— Published 28 February 2023

Dentsu, star player of the Tokyo 2020 corruption scandal

The tongues are loosening and confessions are multiplying in Japan, in the corruption scandal related to the Tokyo 2020 Games. The latest actor is not the least impressive of the cast. It was not the most expected in the credits of the show.

Hiroshi Igarashi, the president and CEO of Dentsu, a global advertising and public relations giant, admitted to Tokyo prosecutors that his group was involved in rigging the bids for the test events and some of the events of the Tokyo 2020 Games.

The information is revealed by Kyodo News. The Japanese agency quotes sources “close to the case“.

Questioned at the end of last week by investigators, in the context of a voluntary hearing, Hiroshi Igarashi would have admitted that his group has actively participated, and knowingly, in the awarding of contracts for the organization of several events, before and during the event, in disregard of the rules of competition.

Prosecutors have already arrested a former Dentsu Group executive, Koji Hemmi, and the former head of operations for the Tokyo 2020 Games organizing committee, Yasuo Mori. Two senior executives of companies that benefited from the fraud have also been arrested.

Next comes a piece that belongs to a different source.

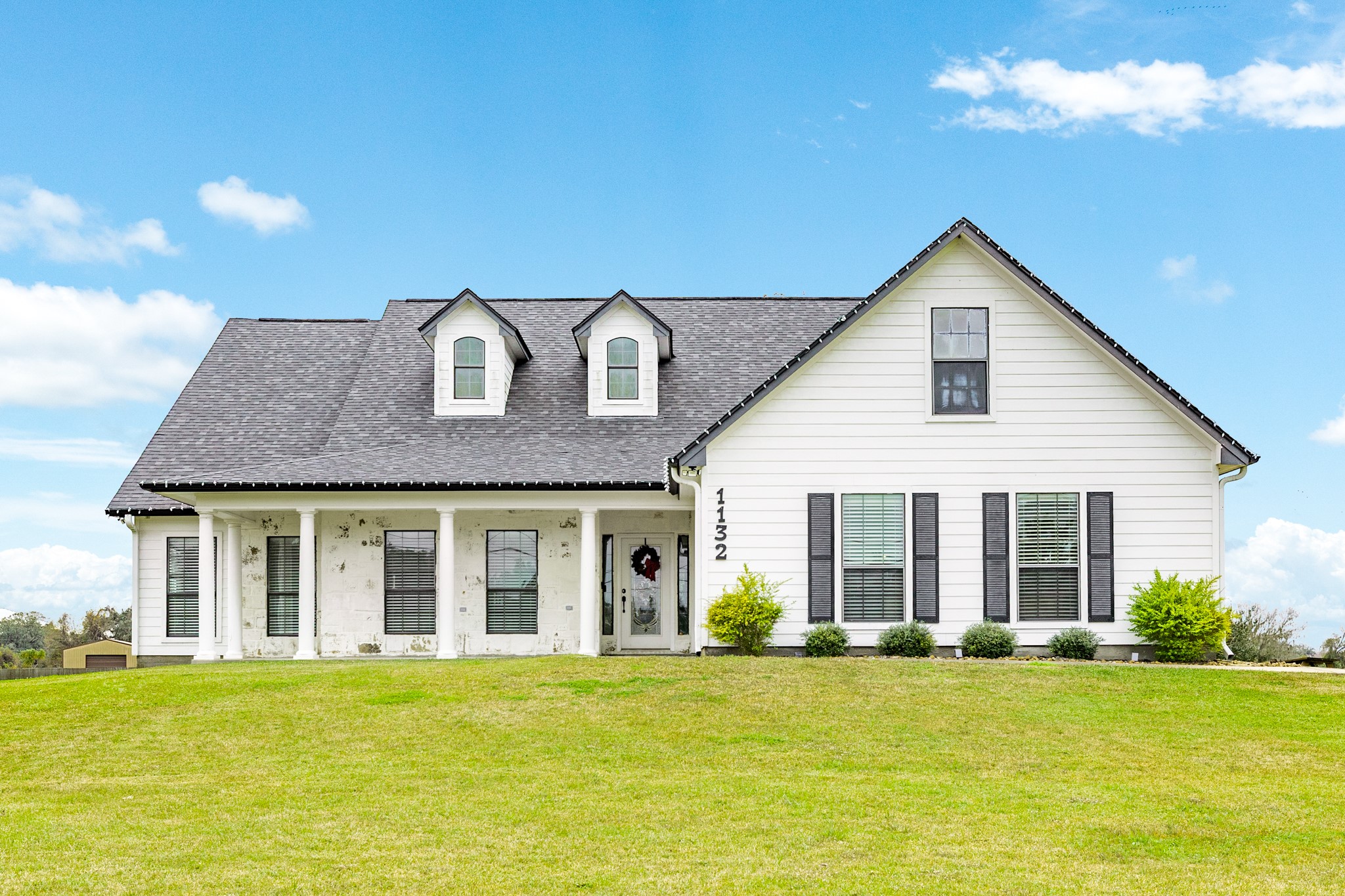 a view of a house with a swimming pool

Koji Hemmi and Yasuo Mori have reportedly admitted to the charges against them. The investigation is also targeting five Japanese companies accused of collaborating with Dentsu and Tokyo 2020 to win contracts without proper bidding. The five companies in question are two advertising agencies, Hakuhodo and Tokyu Agency, and three event production agencies, Cerespo, Fuji Creative and Same Two. According to sources quoted by Kyodo News, their managers also more or less admitted the facts. Only the head of Cerespo continues to deny any involvement.

The case concerns 26 rigged tenders, the majority of which were dedicated to the organization of test events for the Olympic Games. Total amount of the fraud: a little less than 4 million dollars.

Tokyo prosecutors are now considering charging Dentsu and the five other companies with violating the anti-monopoly law. The charges could come as early as this week. This would follow a formal complaint by the Japan Trade Commission.

Barring an unlikely scenario, Hiroshi Igarashi is not likely to go to jail. But the confession of Dentsu’s number 1 adds weight to an already thick file. Above all, they threaten the short-term future of the Japanese group in international sport.

Often not very visible, but very present and terribly influential, Dentsu carries a colossal weight in the Olympic movement. Historically, its entry on the scene goes back to the 1984 Los Angeles Games. A timid entry, the Japanese group was content to lend a hand to the marketing department of the organizing committee.

Since then, Dentsu has extended its influence, multiplying contracts and collaborations at all levels of the pyramid. A long-time marketing partner of the IOC, in 2015 the Japanese group obtained exclusive media rights for the PyeongChang 2018 Winter Games and the Tokyo 2020 Summer Games in 22 countries in the Asian zone. The agreement was also extended to the 2022 Winter and 2024 Summer Games, not yet awarded by the IOC at the time the contract was signed.

In 2014, Dentsu was declared the exclusive marketing agency for the Tokyo 2020 Games. That same year, the Japanese group extended its commercial contract with the International Association of Athletics Federations (World Athletics, then named IAAF) until 2029. The following year, the International Paralympic Committee (IPC) appointed it as its exclusive marketing agency in Japan. Signed for a period of five years, the agreement gave Dentsu the mission to sell the Tokyo 2020 Paralympic Games and its sports disciplines to Japanese companies.

Will the Japanese group and its president recover from such a scandal? Probably. But Hiroshi Igarashi’s confession and its impact on Japanese public opinion are a further blow to Sapporo’s bid for the 2030 Winter Games, which has been on hold since the end of last year.